L’expression « effet réversif » permet de saisir globalement la tendance, ayant émergé peu à peu du monde animal, à s’opposer au jeu aveugle de la force dès lors qu’il met à mal un être sensible (parmi des milliers d’exemples : un dauphin qui soutient un congénère blessé pour qu’il puisse respirer, une louve qui allaite un petit d’une autre espèce…).
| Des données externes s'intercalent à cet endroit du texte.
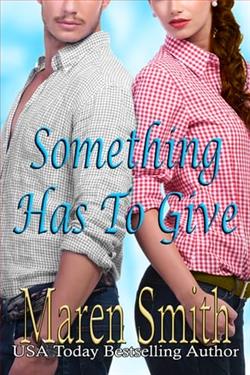 Something Has To Give by Maren Smith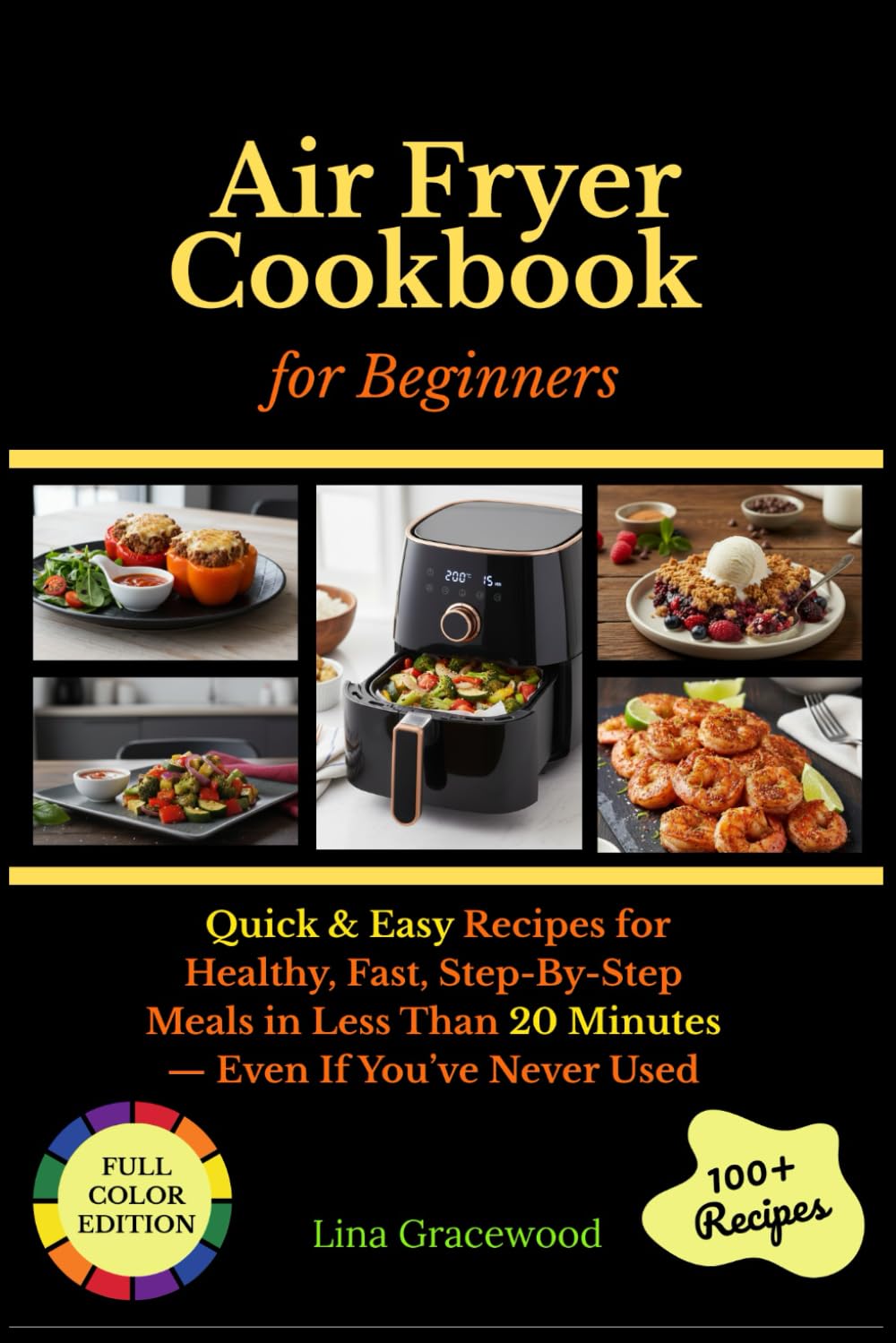 Air Fryer Cookbook for Beginners: Quick & Easy Recipes for Healthy, Fast, Step-By-Step Meals in Less Than 20 Minutes — Even If You’ve Never Used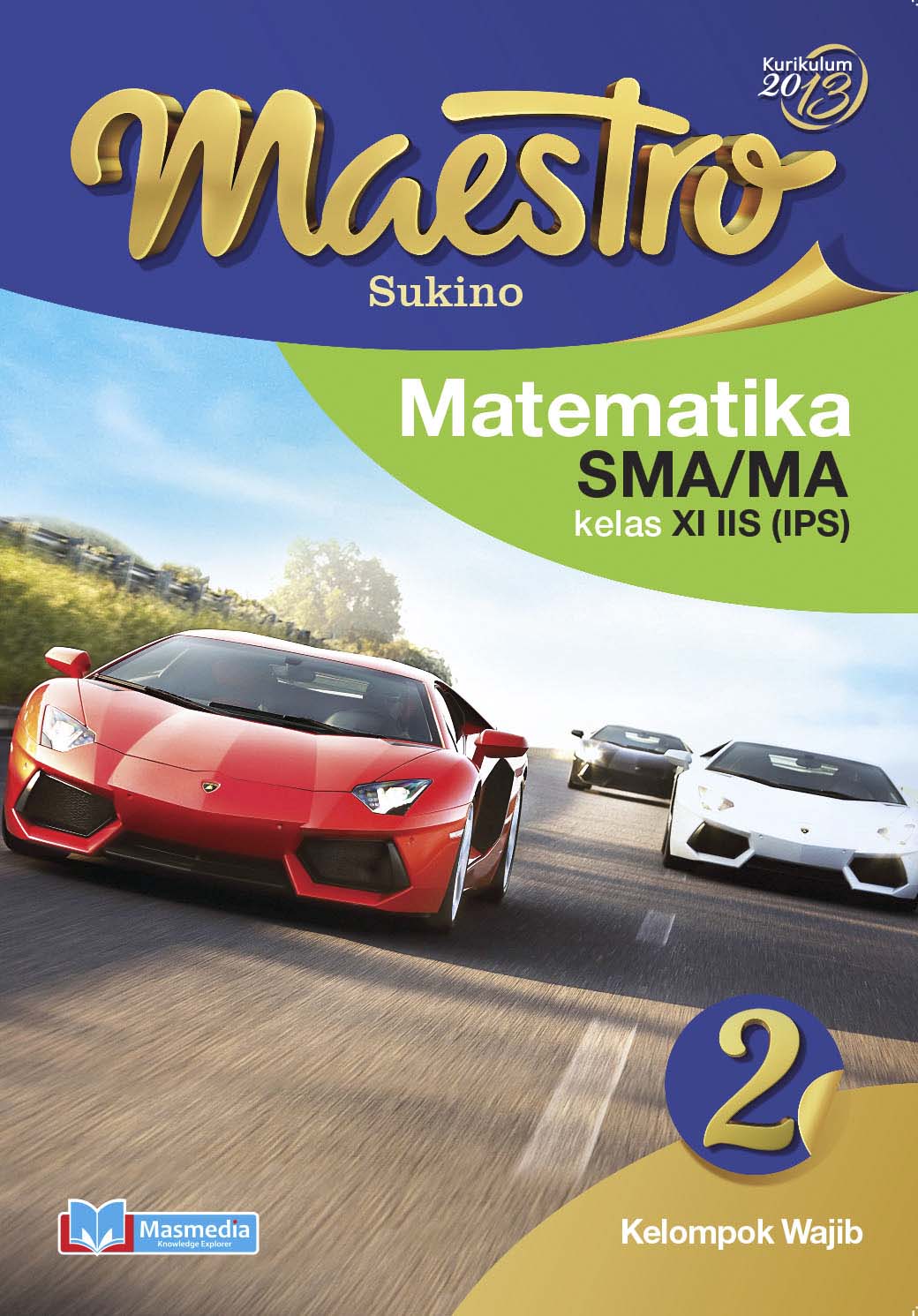 Maestro Matematika SMA/MA Kelas XI IIS (IPS) Wajib	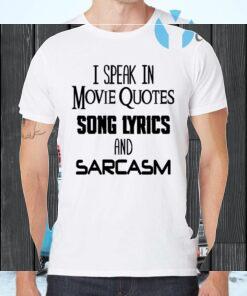 I Speak In Movie Quotes Song Lyrics And Sarcasm T-Shirts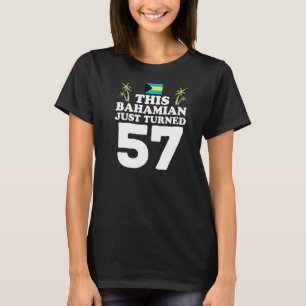 Dieser Bahamian hat gerade 57 Bahamas 57. Geburtst T-Shirt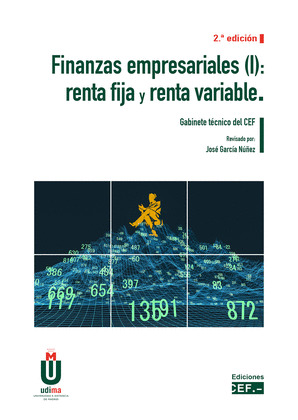 FINANZAS EMPRESARIALES I: RENTA FIJA Y RENTA VARIABLE (2ª EDICIÓN)
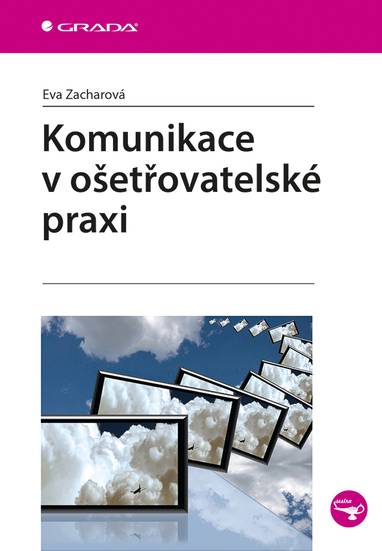 E-kniha Komunikace v ošetřovatelské praxi - Eva Zacharová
Elle illustre sur des millions d’années la lutte de l’animal sensible puis de l’homme social, traversés, débordés par la dynamique énergétique naturellement amorale, et qui tentent pourtant de l’infléchir, de la gauchir et de combattre l’exclusion des plus faibles.
De cette considération « historique » de l’éthologie (science du comportement animal) se dégage ainsi un enracinement proprement « géologique » du comportement éthique : l’effet réversif se présente à la fois comme une racine effective et une ébauche tangible de ce « retournement éthique » que les multiples utopies humaines – religieuses ou laïques – se sont toujours efforcées d’accomplir.
Très complémentaires sont alors les thèses du philosophe André Comte-Sponville, sur les devoirs de l’homme – du seul fait de sa conscience réfléchie et de ses possibilités d’action – vis-à-vis de tout être souffrant, humain comme animal. Elles suggèrent, en effet, dans quelles directions l’effet réversif chercherait de nos jours à se déployer, à travers l’espèce humaine.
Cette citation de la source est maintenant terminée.